━━━ DATA FOR THIS TASK ━━━

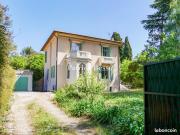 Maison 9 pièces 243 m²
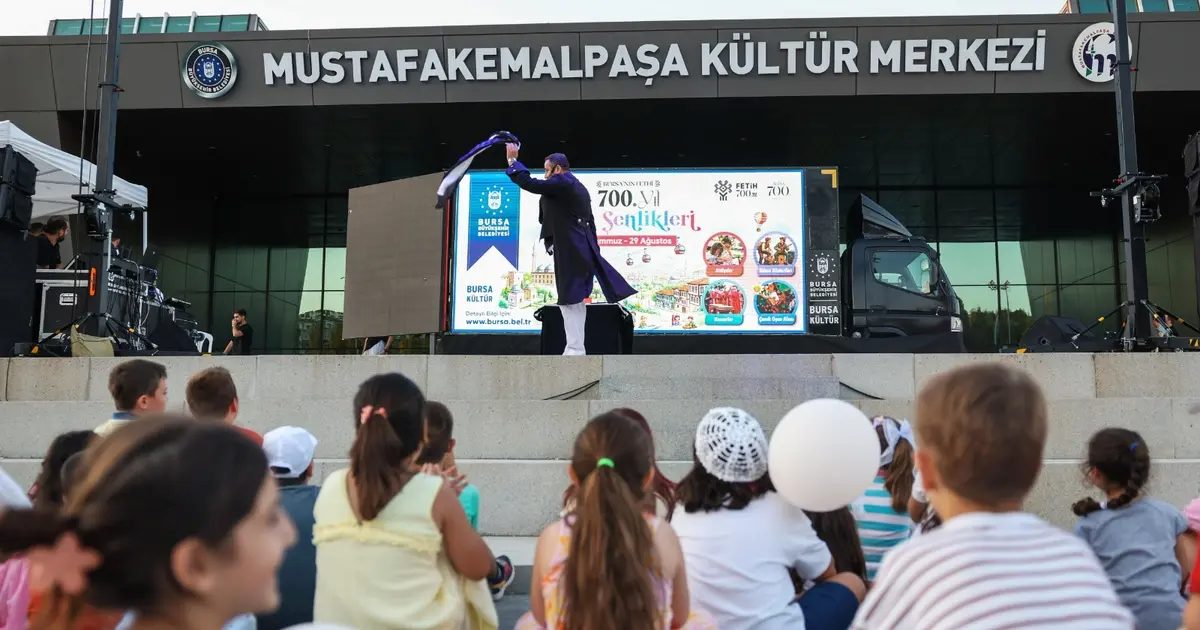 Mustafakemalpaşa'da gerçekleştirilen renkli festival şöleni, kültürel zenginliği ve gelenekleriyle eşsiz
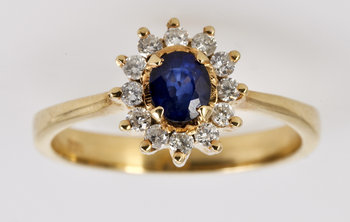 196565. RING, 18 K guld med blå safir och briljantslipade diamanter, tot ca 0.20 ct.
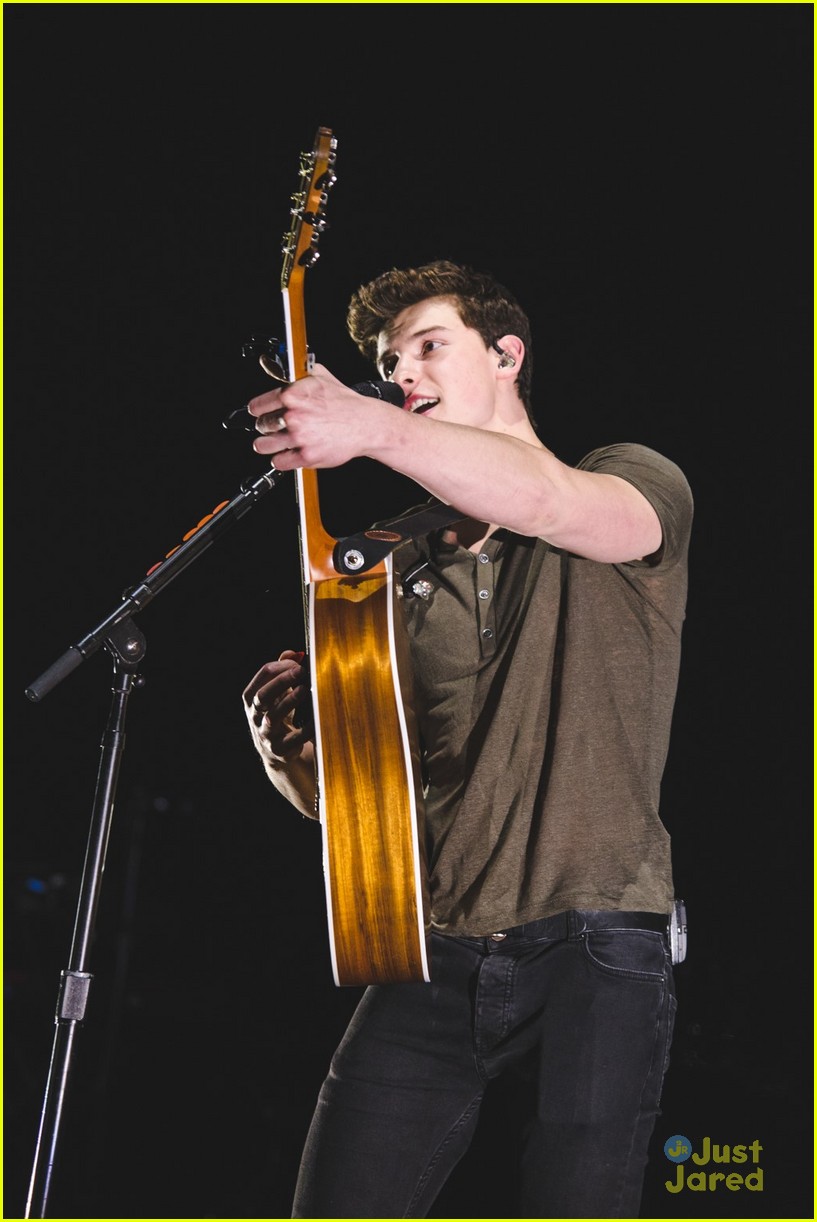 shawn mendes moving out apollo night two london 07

━━━
━━━ DATA FOR THIS TASK ━━━

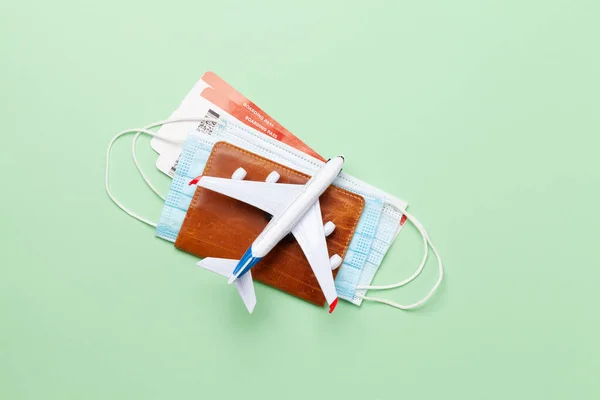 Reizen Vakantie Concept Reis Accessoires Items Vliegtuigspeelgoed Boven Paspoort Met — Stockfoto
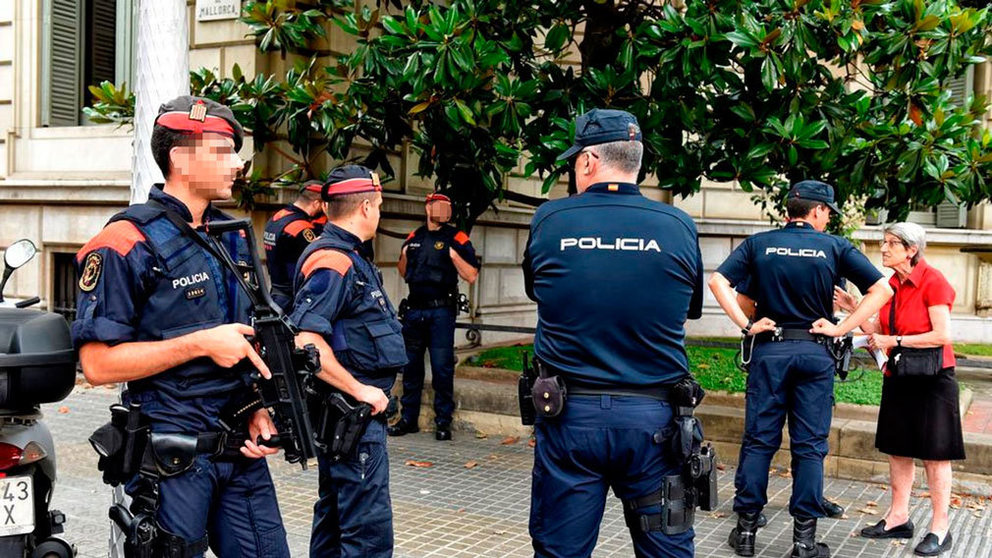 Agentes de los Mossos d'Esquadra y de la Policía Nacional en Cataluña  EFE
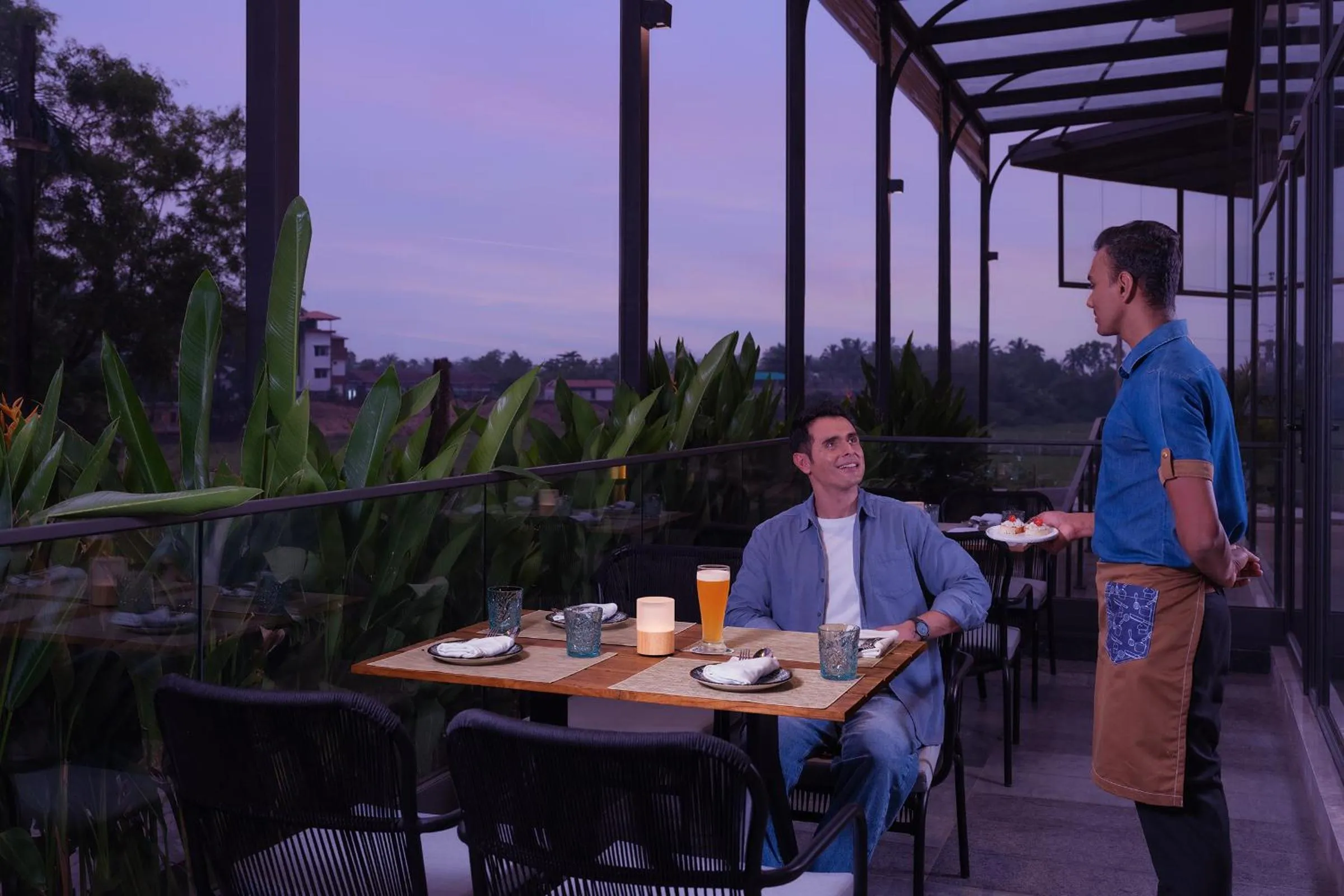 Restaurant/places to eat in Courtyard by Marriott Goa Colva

━━━

WORK TO BE COMPLETED = Leaving all pictures out, output exactly the lines of the material above from the line with "Reizen Vakantie Concept" to the line with "Restaurant/places to eat", both included.

THE ANSWER =
 Reizen Vakantie Concept Reis Accessoires Items Vliegtuigspeelgoed Boven Paspoort Met — Stockfoto
 Agentes de los Mossos d'Esquadra y de la Policía Nacional en Cataluña  EFE
 Restaurant/places to eat in Courtyard by Marriott Goa Colva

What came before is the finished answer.